GENERAL PROCESS OF DESIGN OF AN ELECTRONIC EQUIPMENT.
The process of design of an electronic equipment generally counts of the following steps:
The process of circuit design begins with the specification, which states the functionality that the finished design must provide, but does not indicate how it is to be achieved . The initial specification is basically a technically detailed description of what the customer wants the finished circuit to achieve and can include a variety of electrical requirements, such as what signals the circuit will receive, what signals it must output, what power supplies are available and how much power it is permitted to consume. The specification can (and normally does) also set some of the physical parameters that the design must meet, such as size, weight, moisture resistance, temperature range, thermal output, vibration tolerance and acceleration tolerance.
As the design process progresses the designer(s) will frequently return to the specification and alter it to take account of the progress of the design. This can involve tightening specifications that the customer has supplied, and adding tests that the circuit must pass in order to be accepted. These additional specifications will often be used in the verification of a design. Changes that conflict with or modify the customer's original specifications will almost always have to be approved by the customer before they can be acted upon.
The design process involves moving from the specification at the start, to a plan that contains all the information needed to be physically constructed at the end, this normally happens by passing through a number of stages, although in very simple circuit it may be done in a single step. The process normally begins with the conversion of the specification into a block diagram of the various functions that the circuit must perform, at this stage the contents of each block are not considered, only what each block must do, this is sometimes referred to as a "black box" design. This approach allows the possibly very complicated task to be broken into smaller tasks which may either by tackled in sequence or divided amongst members of a design team.
Each block is then considered in more detail, still at an abstract stage, but with a lot more focus on the details of the electrical functions to be provided. At this or later stages it is common to require a large amount of research or mathematical modeling into what is and is not feasible to achieve. The results of this research may be fed back into earlier stages of the design process, for example if it turns out one of the blocks cannot be designed within the parameters set for it, it may be necessary to alter other blocks instead. At this point it is also common to start considering both how to demonstrate that the design does meet the specifications, and how it is to be tested ( which can include self diagnostic tools ).
Finally the individual circuit components are chosen to carry out each function in the overall design, at this stage the physical layout and electrical connections of each component are also decided, this layout commonly taking the form of artwork for the production of a printed circuit board or Integrated circuit. This stage is typically extremely time consuming because of the vast array of choices available. A practical constraint on the design at this stage is that of standardization, while a certain value of component may be calculated for use in some location in a circuit, if that value cannot be purchased from a supplier, then the problem has still not been solved.
Proper design philosophy and structure incorporates economic and technical considerations and keeps them in balance at all times, and right from the start. Balance is the key concept here; just as many delays and pitfalls can come from ill considered cost cutting as with cost overruns. Good accounting tools (and a design culture that fosters their use) is imperative for a successful project.
VERIFICATION AND TESTING.
Once a circuit has been designed, it must be both verified and tested. Verification is the process of going through each stage of a design and ensuring that it will do what the specification requires it to do. This is frequently a highly mathematical process and can involve large-scale computer simulations of the design. In any complicated design it is very likely that problems will be found at this stage and may involve a large amount of the design work be redone in order to fix them.

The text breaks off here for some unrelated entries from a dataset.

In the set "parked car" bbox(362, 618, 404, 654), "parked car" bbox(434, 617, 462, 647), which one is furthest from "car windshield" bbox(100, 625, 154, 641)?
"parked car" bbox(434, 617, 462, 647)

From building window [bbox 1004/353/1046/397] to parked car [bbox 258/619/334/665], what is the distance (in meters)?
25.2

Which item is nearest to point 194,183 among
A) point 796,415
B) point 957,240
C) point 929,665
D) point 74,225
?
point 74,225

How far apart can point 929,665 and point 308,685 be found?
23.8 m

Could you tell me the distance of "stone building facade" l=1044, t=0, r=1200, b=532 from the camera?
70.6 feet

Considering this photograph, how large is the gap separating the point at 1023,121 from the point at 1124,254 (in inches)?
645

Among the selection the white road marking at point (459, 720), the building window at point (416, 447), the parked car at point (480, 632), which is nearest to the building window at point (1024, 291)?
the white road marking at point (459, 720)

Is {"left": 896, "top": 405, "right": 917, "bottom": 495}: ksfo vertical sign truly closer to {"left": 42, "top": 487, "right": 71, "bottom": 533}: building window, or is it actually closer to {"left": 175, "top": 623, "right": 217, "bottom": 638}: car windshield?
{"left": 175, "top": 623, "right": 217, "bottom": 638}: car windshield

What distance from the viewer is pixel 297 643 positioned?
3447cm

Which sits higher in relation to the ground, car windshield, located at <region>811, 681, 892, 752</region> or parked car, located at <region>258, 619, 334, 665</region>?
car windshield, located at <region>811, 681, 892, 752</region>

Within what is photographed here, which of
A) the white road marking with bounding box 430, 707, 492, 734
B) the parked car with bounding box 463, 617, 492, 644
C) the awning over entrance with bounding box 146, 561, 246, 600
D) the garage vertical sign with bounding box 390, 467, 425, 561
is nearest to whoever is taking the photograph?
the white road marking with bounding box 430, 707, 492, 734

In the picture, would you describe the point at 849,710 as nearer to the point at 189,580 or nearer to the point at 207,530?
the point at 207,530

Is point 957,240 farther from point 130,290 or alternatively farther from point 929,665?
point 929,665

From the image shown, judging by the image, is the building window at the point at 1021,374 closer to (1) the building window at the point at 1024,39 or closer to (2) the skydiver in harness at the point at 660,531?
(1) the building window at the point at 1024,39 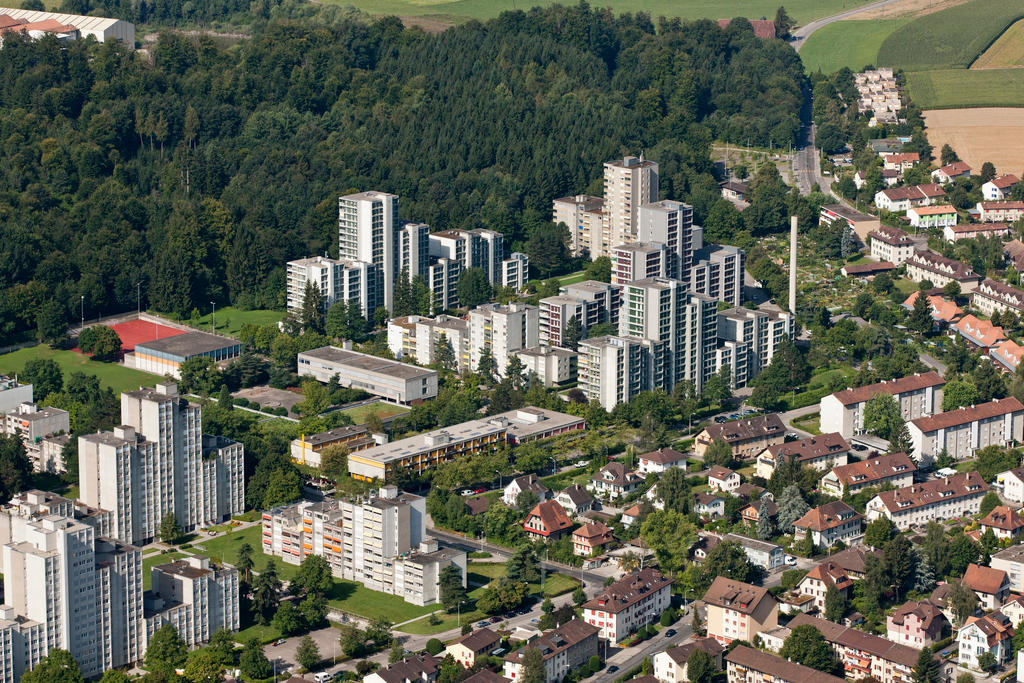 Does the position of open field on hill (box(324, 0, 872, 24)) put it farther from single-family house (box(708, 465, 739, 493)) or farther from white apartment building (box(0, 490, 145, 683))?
white apartment building (box(0, 490, 145, 683))

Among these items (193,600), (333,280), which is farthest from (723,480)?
(333,280)

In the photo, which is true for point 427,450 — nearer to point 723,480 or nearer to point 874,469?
point 723,480

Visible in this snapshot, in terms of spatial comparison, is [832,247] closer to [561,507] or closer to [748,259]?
[748,259]

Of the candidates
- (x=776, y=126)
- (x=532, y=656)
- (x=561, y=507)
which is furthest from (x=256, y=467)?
(x=776, y=126)

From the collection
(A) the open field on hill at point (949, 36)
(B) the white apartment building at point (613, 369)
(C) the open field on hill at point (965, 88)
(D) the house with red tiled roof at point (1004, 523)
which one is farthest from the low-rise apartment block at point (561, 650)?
(A) the open field on hill at point (949, 36)

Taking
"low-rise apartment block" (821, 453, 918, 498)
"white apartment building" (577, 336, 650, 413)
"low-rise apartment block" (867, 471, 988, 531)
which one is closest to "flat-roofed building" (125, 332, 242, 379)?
"white apartment building" (577, 336, 650, 413)

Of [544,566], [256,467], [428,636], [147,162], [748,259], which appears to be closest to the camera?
[428,636] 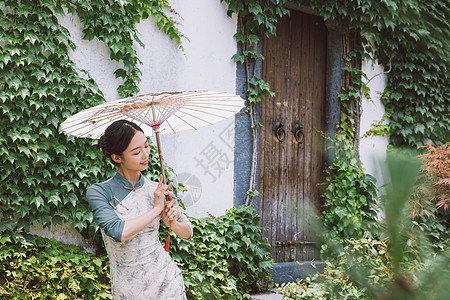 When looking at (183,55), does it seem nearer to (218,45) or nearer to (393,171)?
(218,45)

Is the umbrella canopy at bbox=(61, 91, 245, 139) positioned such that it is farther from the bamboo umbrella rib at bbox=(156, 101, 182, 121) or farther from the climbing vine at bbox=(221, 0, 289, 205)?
the climbing vine at bbox=(221, 0, 289, 205)

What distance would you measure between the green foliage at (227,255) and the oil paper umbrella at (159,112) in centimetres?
170

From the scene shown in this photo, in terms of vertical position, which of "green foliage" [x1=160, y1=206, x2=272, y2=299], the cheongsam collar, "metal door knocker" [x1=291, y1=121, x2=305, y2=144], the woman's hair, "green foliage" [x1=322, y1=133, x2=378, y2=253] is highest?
"metal door knocker" [x1=291, y1=121, x2=305, y2=144]

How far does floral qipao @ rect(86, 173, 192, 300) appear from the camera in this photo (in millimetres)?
1932

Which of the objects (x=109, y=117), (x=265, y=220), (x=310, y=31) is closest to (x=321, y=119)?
(x=310, y=31)

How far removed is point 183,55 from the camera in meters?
4.36

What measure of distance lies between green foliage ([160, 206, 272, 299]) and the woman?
176 cm

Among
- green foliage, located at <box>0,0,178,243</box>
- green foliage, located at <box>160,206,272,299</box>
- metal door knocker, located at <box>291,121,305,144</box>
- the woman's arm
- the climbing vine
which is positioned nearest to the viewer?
the woman's arm

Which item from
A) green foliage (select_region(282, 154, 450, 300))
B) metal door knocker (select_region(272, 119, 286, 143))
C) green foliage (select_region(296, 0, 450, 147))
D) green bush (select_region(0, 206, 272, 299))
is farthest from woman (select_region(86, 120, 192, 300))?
green foliage (select_region(296, 0, 450, 147))

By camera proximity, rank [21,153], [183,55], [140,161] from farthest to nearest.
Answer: [183,55] < [21,153] < [140,161]

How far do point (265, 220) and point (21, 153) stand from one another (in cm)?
267

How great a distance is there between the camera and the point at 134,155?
2.05m

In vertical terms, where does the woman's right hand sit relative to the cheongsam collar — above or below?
below

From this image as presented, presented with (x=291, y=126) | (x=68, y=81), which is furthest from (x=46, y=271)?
(x=291, y=126) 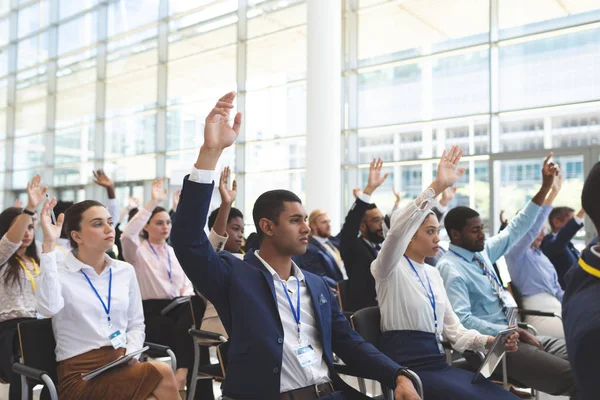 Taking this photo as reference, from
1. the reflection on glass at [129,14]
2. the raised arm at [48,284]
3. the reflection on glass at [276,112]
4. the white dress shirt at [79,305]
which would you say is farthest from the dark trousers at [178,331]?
the reflection on glass at [129,14]

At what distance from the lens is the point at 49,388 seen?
7.72 feet

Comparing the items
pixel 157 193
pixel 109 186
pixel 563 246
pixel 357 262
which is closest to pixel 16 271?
pixel 157 193

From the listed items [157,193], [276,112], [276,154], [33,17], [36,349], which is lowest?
[36,349]

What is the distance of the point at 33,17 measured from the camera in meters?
16.4

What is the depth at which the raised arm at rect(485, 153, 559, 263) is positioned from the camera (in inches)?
139

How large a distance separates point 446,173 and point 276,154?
855 cm

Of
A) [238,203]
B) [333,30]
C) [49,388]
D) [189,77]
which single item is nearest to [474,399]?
[49,388]

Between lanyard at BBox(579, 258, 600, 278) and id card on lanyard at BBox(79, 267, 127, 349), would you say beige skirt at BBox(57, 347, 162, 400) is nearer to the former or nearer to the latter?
id card on lanyard at BBox(79, 267, 127, 349)

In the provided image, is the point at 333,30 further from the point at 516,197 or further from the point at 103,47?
the point at 103,47

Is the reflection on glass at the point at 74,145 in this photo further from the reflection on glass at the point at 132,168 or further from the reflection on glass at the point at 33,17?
the reflection on glass at the point at 33,17

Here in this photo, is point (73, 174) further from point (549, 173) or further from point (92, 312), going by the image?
point (549, 173)

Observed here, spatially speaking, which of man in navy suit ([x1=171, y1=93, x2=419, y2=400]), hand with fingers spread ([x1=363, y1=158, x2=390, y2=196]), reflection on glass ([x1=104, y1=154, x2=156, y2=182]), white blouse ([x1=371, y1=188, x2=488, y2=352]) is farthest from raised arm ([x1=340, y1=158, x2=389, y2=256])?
reflection on glass ([x1=104, y1=154, x2=156, y2=182])

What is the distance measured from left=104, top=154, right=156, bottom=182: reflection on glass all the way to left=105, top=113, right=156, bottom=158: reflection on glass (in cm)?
15

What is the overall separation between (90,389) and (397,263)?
1.59m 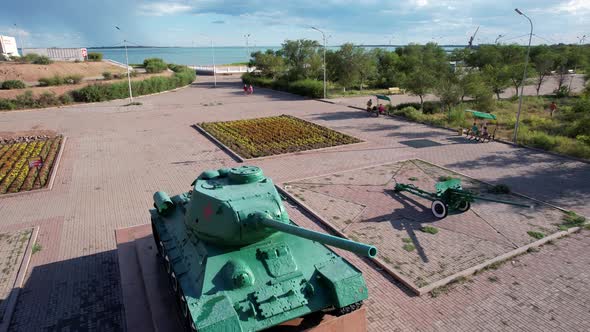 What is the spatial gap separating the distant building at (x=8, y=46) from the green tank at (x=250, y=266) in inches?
3345

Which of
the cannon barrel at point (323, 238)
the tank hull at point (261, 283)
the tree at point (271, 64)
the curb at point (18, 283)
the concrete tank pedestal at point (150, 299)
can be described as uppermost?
the tree at point (271, 64)

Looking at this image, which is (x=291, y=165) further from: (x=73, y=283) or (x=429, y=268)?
(x=73, y=283)

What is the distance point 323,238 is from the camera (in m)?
5.26

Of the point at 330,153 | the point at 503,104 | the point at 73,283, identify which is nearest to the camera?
the point at 73,283

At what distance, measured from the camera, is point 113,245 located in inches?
423

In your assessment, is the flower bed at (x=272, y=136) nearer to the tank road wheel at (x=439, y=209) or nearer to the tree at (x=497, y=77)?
the tank road wheel at (x=439, y=209)

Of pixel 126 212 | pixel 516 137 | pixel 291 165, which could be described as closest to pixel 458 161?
pixel 516 137

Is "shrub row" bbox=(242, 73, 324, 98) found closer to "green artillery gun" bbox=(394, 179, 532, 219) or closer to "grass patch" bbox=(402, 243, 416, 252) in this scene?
"green artillery gun" bbox=(394, 179, 532, 219)

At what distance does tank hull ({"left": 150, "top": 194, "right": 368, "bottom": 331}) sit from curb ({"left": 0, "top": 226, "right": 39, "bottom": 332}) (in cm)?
381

Testing is the real-world counterpart to verification, testing involves physically building at least a prototype of the design and then (in combination with the test procedures in the specification or added to it) checking the circuit really does do what it was designed to.
Prototyping is a means of exploring ideas before an investment is made in them. Depending on the scope of the prototype and the level of detail required, prototypes can be built at any time during the project. Sometimes they are created early in the project, during the planning and specification phase, commonly using a process known as breadboarding; that's when the need for exploration is greatest, and when the time investment needed is most viable. Later in the cycle packaging mock-ups are used to explore appearance and usability, and occasionally a circuit will need to be modified to take these factors into account.
As circuit design is the process of working out the physical form that an electronic circuit will take, the result of the circuit design process is the instructions on how to construct the physical electronic circuit. This will normally take the form of blueprints describing the size, shape, connectors, etc., in use, and artwork or CAM file for manufacturing a printed circuit board or Integrated circuit.
Any commercial design will normally also include an element of documentation; the precise nature of this documentation will vary according to the size and complexity of the circuit as well as the country in which it is to be used. As a bare minimum the documentation will normally include at least the specification and testing procedures for the design and a statement of compliance with current regulations. In the EU this last item will normally take the form of a CE Declaration listing the European directives complied with and naming an individual responsible for compliance.
This process has not changed much over time, it had an important evolution from the year 1981 facilitating work to the designers with the entrance in action of the computational software marking the birth of the automation of the electronic design -https://en.wikipedia.org/wiki/Electronic_design_automation -.The particularity that differentiated the electronic design for 30, 40 years ago was that the science of the computation was not it sufficiently advanced wherewith the electronic design was more meticulous and of greater complexity.